Some analysts say that the new union would allow Vladimir Putin to stay on as President after 2008, when, having served two terms, he is obliged to step down under the present Russian Constitution.
The two countries formed a loose union in 1996, but it has been hampered by economic disputes and personal animosity between Mr Lukashenko and Mr Putin.
Both leaders, however, appear to have put aside their differences after revolutions in Georgia, Ukraine and Kyrgyzstan and now seem to be forging ahead with plans to form a new union.
Russian officials say that they are drawing up a draft constitution to be presented to the two leaders in the autumn, and that they are discussing plans for the Russian rouble to be introduced in Belarus next year.
“It is much more of a reality than people think,” said Ivan Makoshok, a spokesman for the embryonic Russia-Belarus Union, estimating that full reunification could take as little as two years.
Mr Lukashenko has ruled his country of ten million people for more than a decade by reviving Soviet-style economic controls, silencing opponents and holding a series of flawed elections and referendums. But analysts say he now fears that he could become the latest in a sequence of autocrats across the former Soviet Union to be toppled in a Western-backed revolution.
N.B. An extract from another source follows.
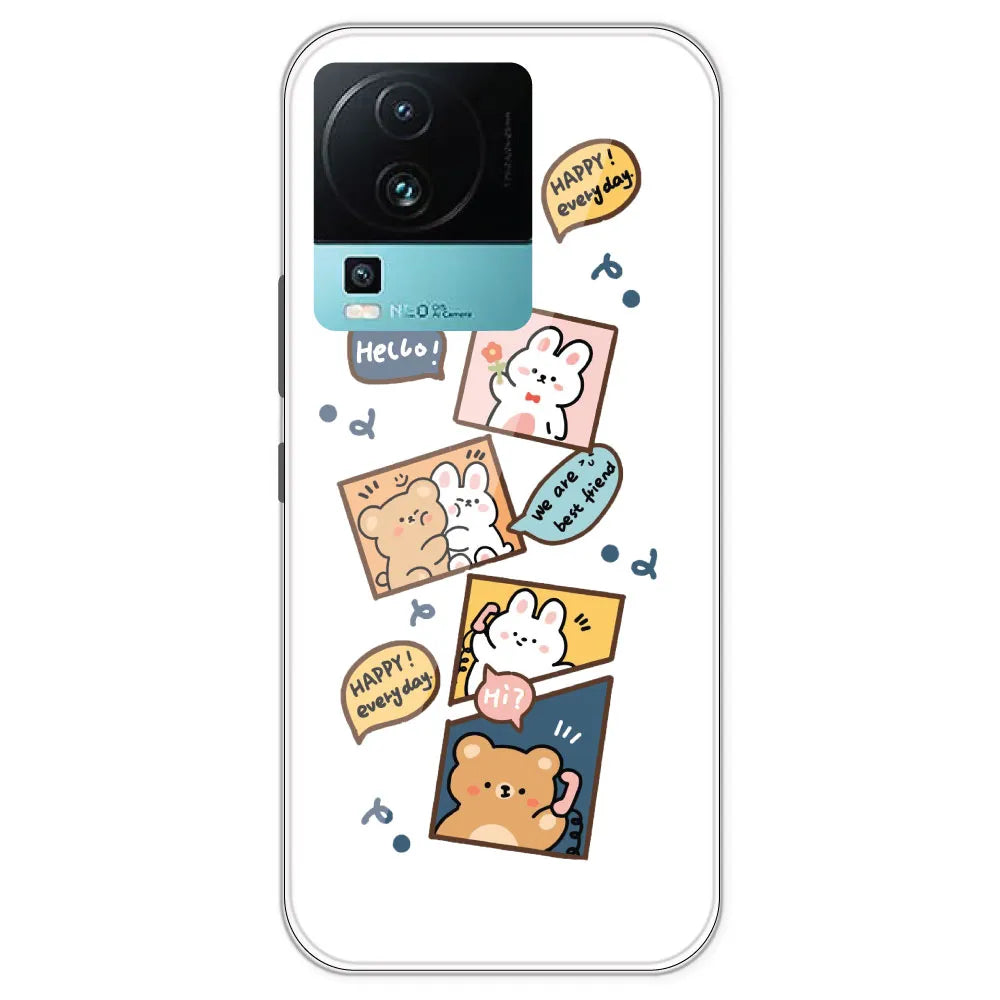 Happy Rabit And Bear - Clear Printed Silicone Case For IQOO Neo 7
The United States has called President Lukashenko “Europe’s last dictator” and last year passed the Belarus Democracy Act, which authorises assistance for a regime change in what the White House calls an “outpost of tyranny”. Mr Putin, meanwhile, is anxious to prevent another former Soviet state turning its back on Moscow and pursuing integration with the West.
The idea of reunification has been championed by Pavel Borodin, the secretary of the Russia-Belarus Union, who hired Mr Putin as his deputy while serving as head of the Kremlin’s property department in 1996. The only question is who would head the new union. Talks on reunification came to a halt in 2002 after Mr Lukashenko balked at the idea of Mr Putin taking the top post and demanded equal status.
Mr Lukashenko still harbours aspirations to share power with Mr Putin and some analysts say that he is simply trying to extract economic concessions from Russia. But others see a genuine convergence of interests, if not a warming, which could ultimately lead to the creation of a new political, as well as economic, union.
Aleksandr Yakovenko, the Russian Foreign Ministry spokesman, said: “It would not be an exaggeration to say that bilateral relations have been ascending, resting on the centuries-long brotherhood of the Russian and Belarussian people. We are discussing making preparations for agreements on the legal status of the union state’s property and on providing Russian and Belarussian citizens with equal rights.”